Ketika jumlah uang cash
yang beredar di masyarakat berkurang, pertumbuhan inflasi memang akan
tertekan. Namun disisi lain juga beresiko menekan pertumbuhan ekonomi.
Misalnya, jika para bank ogah ngasih pinjaman modal ke pengusaha karena
mereka lebih suka nyimpen duitnya di BI, maka para pengusaha tentunya
akan kesulitan mengembangkan usahanya, dan pada akhirnya akan menekan
pertumbuhan eknomi secara keseluruhan. Karena itulah, jika kemudian
tingkat inflasi telah terkendali, maka BI bisa menurunkan kembali BI
rate-nya, agar dana yang tadinya diendapkan bisa kembali dikucurkan ke
masyarakat, untuk menumbuhkan ekonomi dan menciptakan lapangan kerja.
Ketika
kemarin BI menaikkan BI rate, pertimbangannya adalah pertumbuhan
ekonomi masih stabil, sementara tingkat inflasi mulai tidak terkendali.
Berdasarkan data dari BPS, pertumbuhan ekonomi pada tahun 2010 mencapai
6.10% dibanding 2009, lebih baik dari target pemerintah sebesar 5.80%.
Sementara tingkat inflasi pada periode yang sama mencapai 6.96%, jauh
lebih tinggi dari asumsi APBN sebesar 5.30%.

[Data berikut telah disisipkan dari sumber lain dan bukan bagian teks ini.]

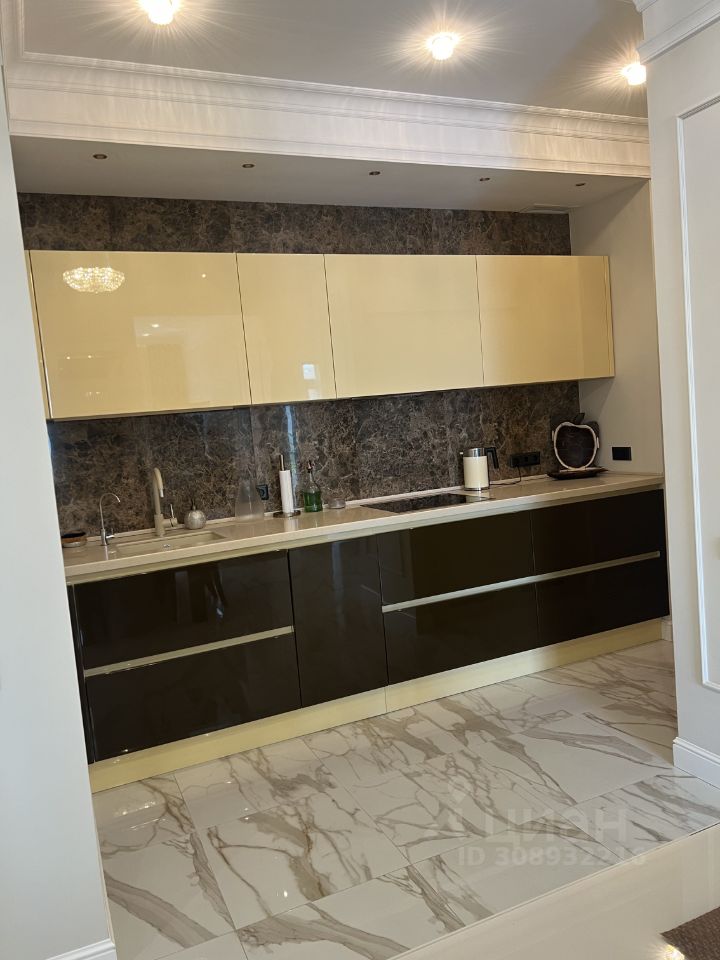 3-комнатная квартира, 105 м² — фото 2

Lalu apa hubungan antara BI rate dengan pasar modal?
Ketika
inflasi mulai naik tidak terkendali, maka efeknya adalah biaya
operasional para perusahaan yang terdaftar di BEI menjadi membengkak,
karena naiknya harga bahan baku, gaji karyawan, dll. Akibatnya, laba
bersih para emiten dikhawatirkan akan turun. Alhasil, harga sahamnya pun
turun. Dan jika hal ini terjadi pada banyak saham, maka IHSG secara
keseluruhan juga akan turun. Jadi ketika BI rate dinaikkan dan
harapannya inflasi akan terkendali, maka IHSG juga bisa bangkit kembali.
Namun,
naiknya BI rate tidak akan serta merta menguatkan IHSG, karena yang
jadi concern investor bukanlah BI rate-nya, melainkan tingkat inflasi.

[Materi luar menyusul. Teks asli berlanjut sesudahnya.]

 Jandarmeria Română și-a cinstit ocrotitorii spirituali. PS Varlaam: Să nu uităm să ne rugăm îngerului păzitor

Dalam jangka pendek, naiknya BI rate bahkan justru berpotensi semakin
melemahkan IHSG. Kenapa? Karena dengan naiknya BI rate, maka suku bunga
di deposito, sukuk, dll biasanya (meski gak selalu) juga akan naik. So,
para investor di pasar modal kini punya alternatif investasi yang tidak
kalah menguntungkan dibanding investasi saham. Sukuk ritel seri SR003
misalnya, bunganya 8.15% per tahun. Dengan tingkat resiko yang mendekati
nol, maka bunga sebesar itu tentu saja cukup menggiurkan. Kalau para
investor ramai-ramai mengalihkan dananya dari saham ke sukuk ini, maka
tentu saja IHSG akan semakin tertekan.
Ketika artikel ini
ditulis, IHSG masih bergerak malas-malasan di kisaran 3,400-an. Beberapa
saham unggulan pun masih tertekan cukup dalam, sebagian bahkan lebih
dalam dari yang diperkirakan. Mudah-mudahan kebijakan BI dalam menaikkan
BI rate memang berhasil menekan laju inflasi, sehingga IHSG bisa
kembali tancap gas. Soalnya, data terakhir dari BPS menyebutkan bahwa
tingkat inflasi tahunan pada akhir Januari 2011 kemarin sudah menembus
7.02%. Seems like trouble.
Tentang Sukuk
Bagi para pembelinya, sukuk pada dasarnya didesain untuk melindungi dana mereka dari inflasi, dan bukan merupakan instrumen untuk meraih gain atau keuntungan.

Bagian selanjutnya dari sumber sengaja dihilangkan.